▶ [YOUR TASK] Where the line containing "Lampa wisząca nad" appears, begin retyping; continue exactly through the final line of the data. Omit every picture.

▶ [DATA EXCERPTS]
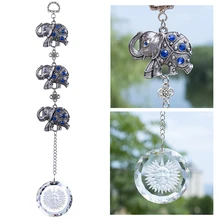 H& D 3 слона Suncatcher Lucky висячие орнамент для защиты, благословение, прочность с кристаллами призмы, украшения для дома и сада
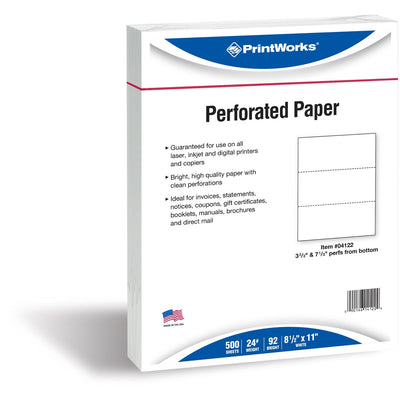 Paris Printworks Perforated Office Paper, White, 8 1/2" x 11", 500 / Ream, PRB04122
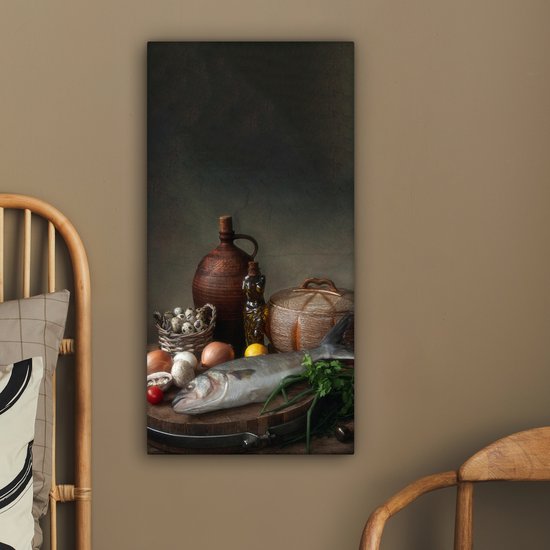 Peinture sur toile rustique - Poisson - Nature morte - Légumes - Herbes - 40x80 cm - Décoration murale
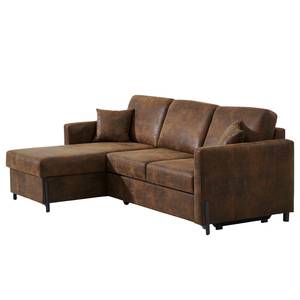 Hoekbank Engele met chaise longue Microvezel Goda: Chocoladebruin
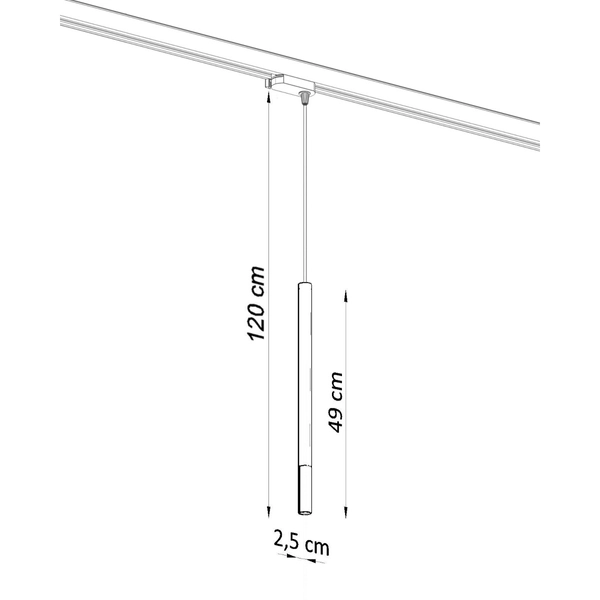 Lampa wisząca nad stół rurka MOZAICA MYL.00028 trzyfazowa czarny złoty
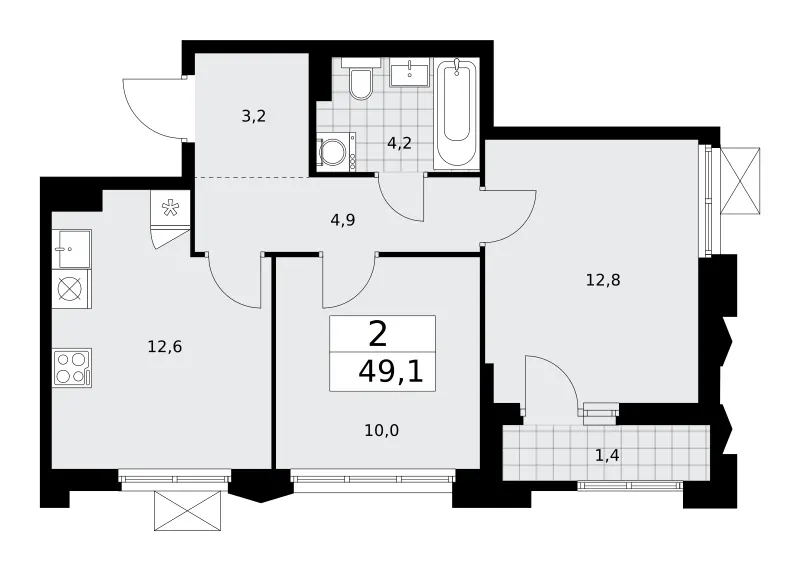 2-комн. 49.1 м²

▶ [WRITTEN RESPONSE]
 Lampa wisząca nad stół rurka MOZAICA MYL.00028 trzyfazowa czarny złoty
 2-комн. 49.1 м²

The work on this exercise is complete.